Perhaps memory issues are described elsewhere on these fora or the documentation, but I’ll post anyways…

Several times I’ve run into the problem where the code I run demands more memory than the CUDA device has. What happens is the routine runs anyways (perhaps with some funky behavior on the screen) and seems to complete, but the answers are all wrong (or all zeros). If one is using the CUDA device for graphics at the time, it is also unclear to me how one divides between or separates graphics and compute memory - I guess the whole thing crashes when they overlap.

What I would like to see, in the best of all possible worlds, is for the routine to immediately stop with an “Out of Memory” complaint. Is there some test for that? Can one design a short initial routine that would test for that? Are there ways to measure the GPU memory usage so that it could be monitored during a routine? Should the compiler address this issue? Such a test would save a lot of time (rather than waiting for the routine to finish, only to realize that the answers are all wrong when it completes!) and potentially stop one’s computer or X11 Desktop from crashing. Esthetically, it would be far better to have a clean exit rather than a nebulous “maybe it completed o.k.” or computer crash situation.

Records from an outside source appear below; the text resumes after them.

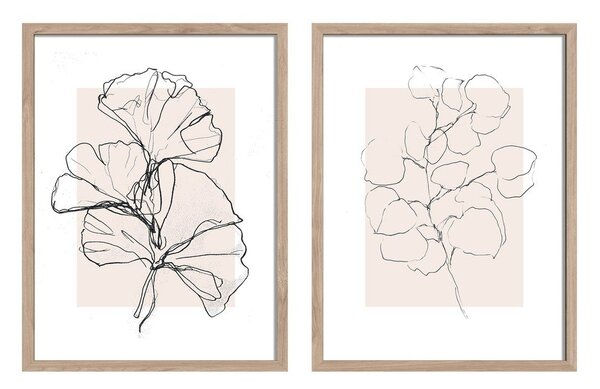 Tiskane slike u setu 2 kom s okvirom 30x40 cm Floral Set – Styler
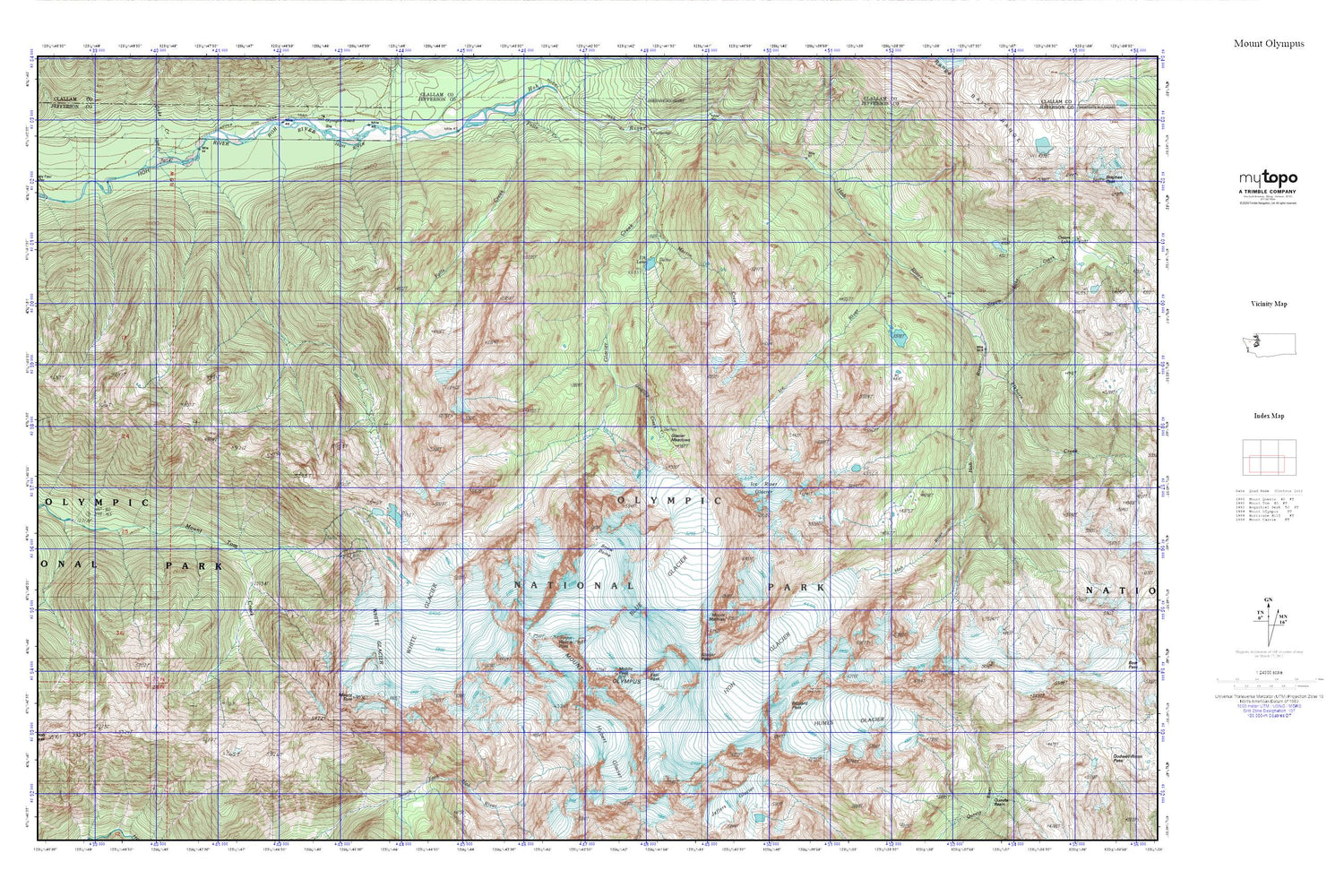 Mount Olympus MyTopo Explorer Series Map Image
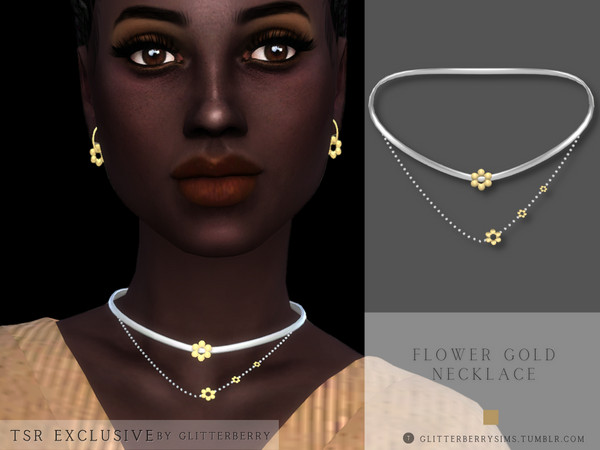 Sims 4 — Flower Gold Necklace by Glitterberryfly — a silver and gold flower necklace.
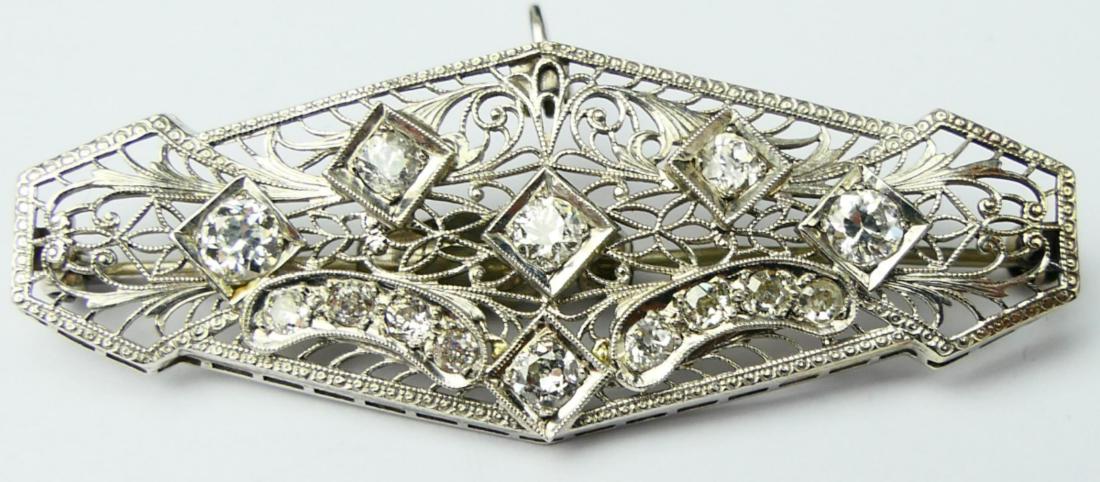 ART DECO 14K WHITE GOLD 1.55CT DIAMOND BROOCH PEND (1 of 3)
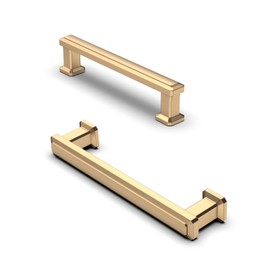 FURNIWARE Pack of 10 Drawer Pulls Champagne Bronze 96mm(3.75 Inch) Hole Center Cabinet Pulls Kitchen Door Handles Hardware Pulls Kitchen Cabinet Door Handles Kitchen Cupboard Handles Hardware Handles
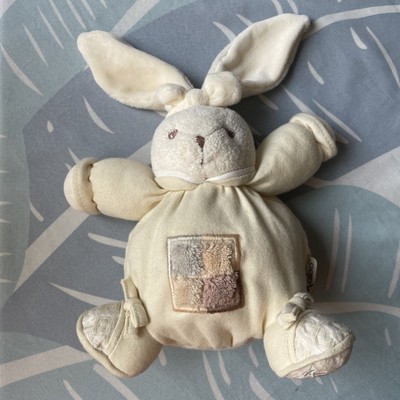 Kaloo Cream Chubby Patchwork Bunny Rabbit 8  Soft Toy Plush Doudou 2005 Vintage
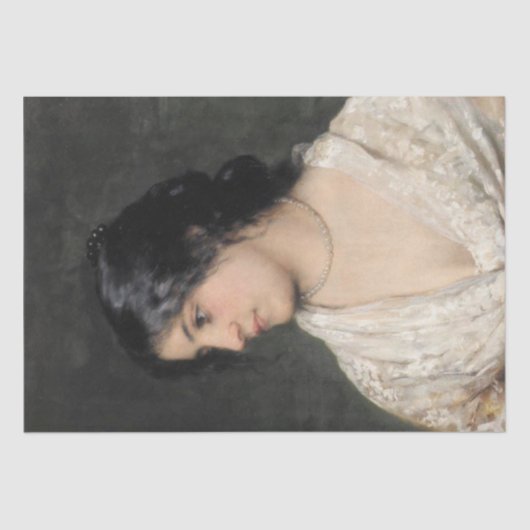 真珠エレガントのネックレスを持つ女性 薄葉紙 (正面)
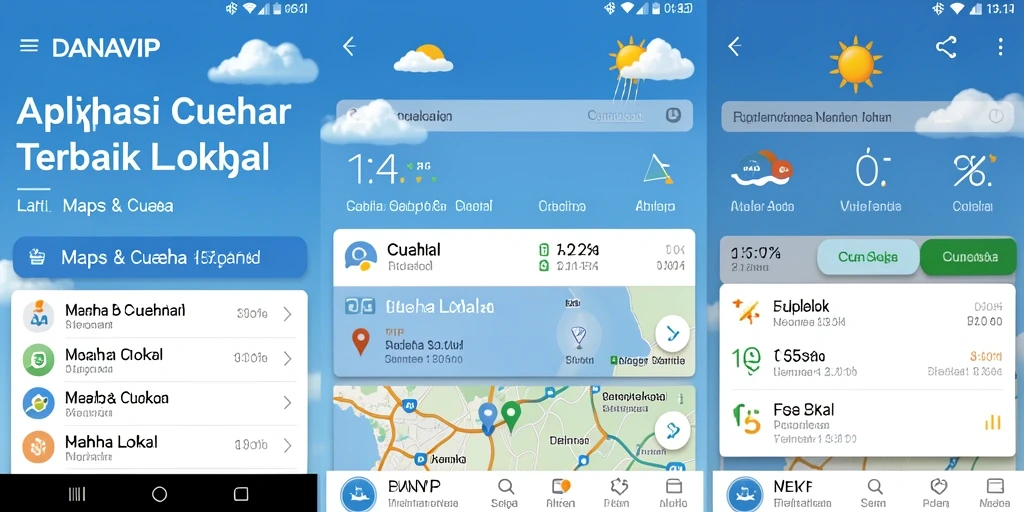 Tampilan antarmuka cuaca lokal yang informatif dan user-friendly.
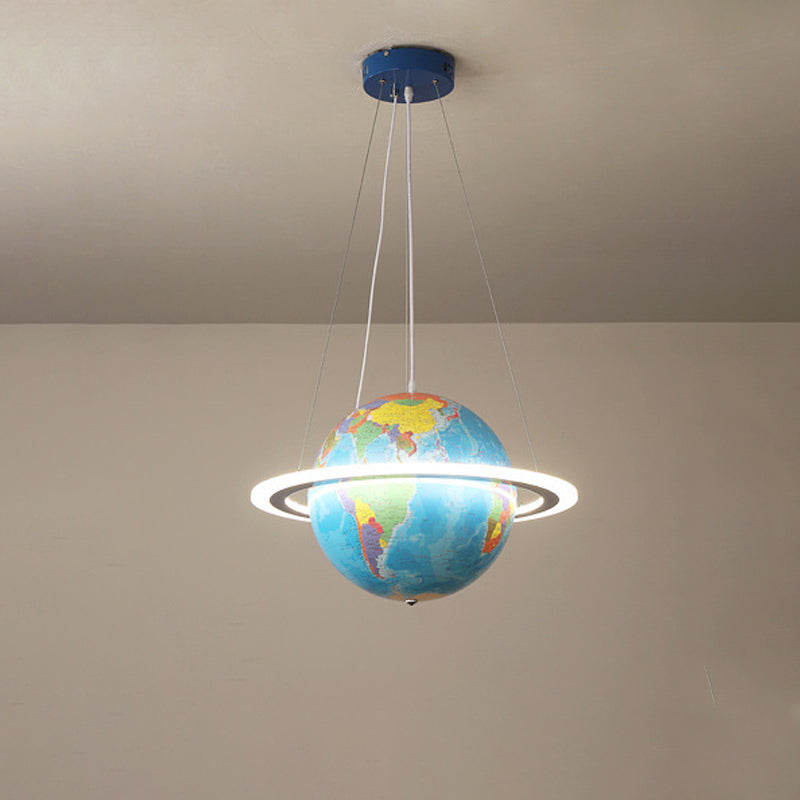 Blue Terrestrial Globe Chandelier Creative LED Acrylic Hanging Pendant with Ring for Nursery Clearhalo 'Ceiling Lights' 'Chandeliers' Lighting' options 2031176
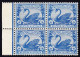 1901 2 1/2d Blau Postfrisch 4er Block Mit Bogenrand. - Mint Stamps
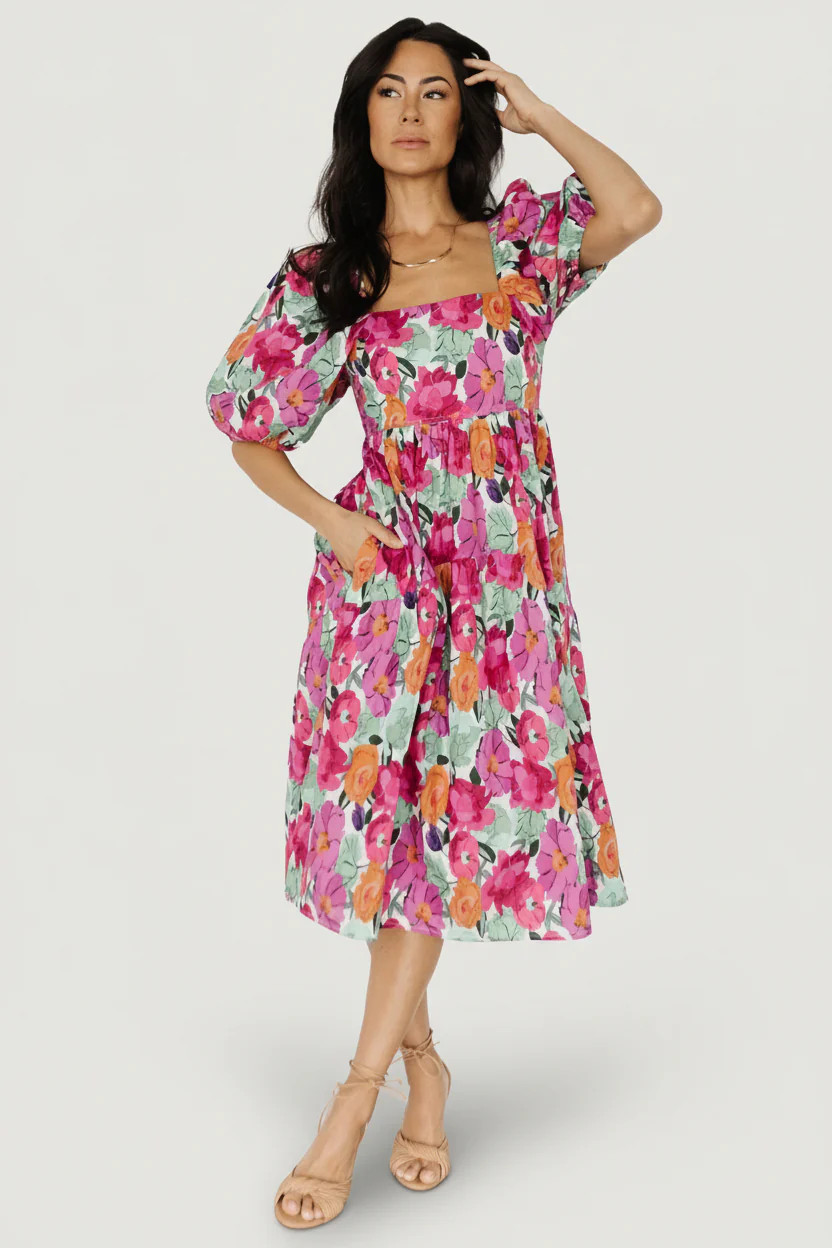 Aimee Puff Sleeve Midi Dress, Pink Multi | Baltic Born | Baltic Born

Could there be a flag for starting X11 that would specify or define the memory allocated to graphics as opposed to compute? This would put a bit of a firewall between graphics and compute memory, and give a clearly defined memory limit for compute. I have in mind something like the motherboard BIOS settings for onboard graphics memory, except applied to the GPU. (Apologies for my ignorance here…but one never knows until one asks…)

I suppose if I were clever and methodical, I would calculate the numbers ahead of time…but who has time to do that…

you could check the return codes of your cudaMallocs?

Return codes! What a concept! :) (I don’t code in C too often…this is the obvious answer to my question…)

To be specific the following solves most of the problem for me:

cudaError_t cudaError;

.

.

.

 cudaError=cudaMalloc ((void **)&A, ND*NN * sizeof(A[0]));

 if (cudaError != cudaSuccess) { mexErrMsgTxt("Out of Nvidia device memory."); }

or

cublasStatus status;

.

.

.

status=cublasAlloc (Ic*Ic, sizeof(float), (void**)&G);

if (status != CUBLAS_STATUS_SUCCESS) { mexErrMsgTxt("Out of Nvidia device memory."); }

The “mexErrMsgTxt” is used because I am using mex files - this call has the handy property that it stops matlab. Just a “return;” does not stop matlab, which is bad in my case.

Perhaps obvious to everyone (including me now) but its always nice to resolve nagging issues!